**Work item**
Output the listing exactly as written, apart from its pictures.

**Given information**

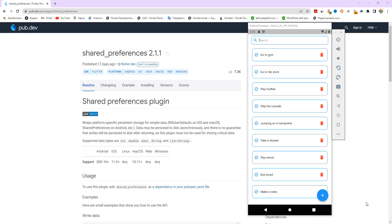Hello everyone. In the next series of lessons, we will get acquainted with the SharedPreferences package. We will create a to-do list application and learn how to add, delete, update, re-save, and create a task search. Subscribe to my channel, add likes, and see you in the next lesson. Bye!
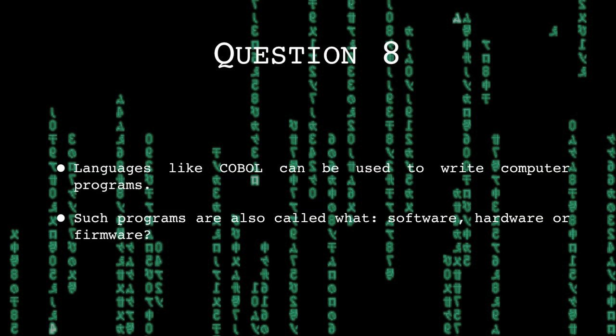Languages like COBOL can be used to write computer programs. Such programs are also called what? Software, hardware or firmware?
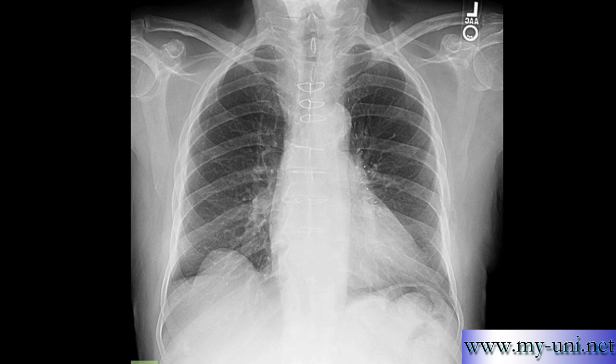Congenital eventration usually results either from maldevelopment of diaphragmatic muscle or from the absence of phrenic nerves. The most common cause of acquired eventration is injury to the phrenic nerve, either as a result of surgery or from any other condition that can compromise the phrenic nerves.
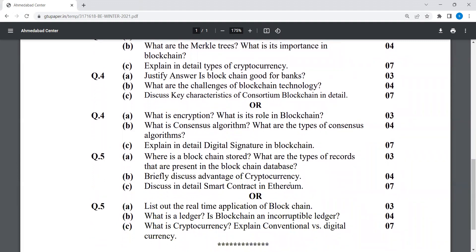Discuss in detail smart contracts in Ethereum. List out the real-time applications of blockchain. What is cryptocurrency and what are the advantages of cryptocurrency? Explain in detail digital signatures in blockchain — this is also an important question. What is a consensus algorithm?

**Exercise result**
Hello everyone. In the next series of lessons, we will get acquainted with the SharedPreferences package. We will create a to-do list application and learn how to add, delete, update, re-save, and create a task search. Subscribe to my channel, add likes, and see you in the next lesson. Bye!
Languages like COBOL can be used to write computer programs. Such programs are also called what? Software, hardware or firmware?
Congenital eventration usually results either from maldevelopment of diaphragmatic muscle or from the absence of phrenic nerves. The most common cause of acquired eventration is injury to the phrenic nerve, either as a result of surgery or from any other condition that can compromise the phrenic nerves.
Discuss in detail smart contracts in Ethereum. List out the real-time applications of blockchain. What is cryptocurrency and what are the advantages of cryptocurrency? Explain in detail digital signatures in blockchain — this is also an important question. What is a consensus algorithm?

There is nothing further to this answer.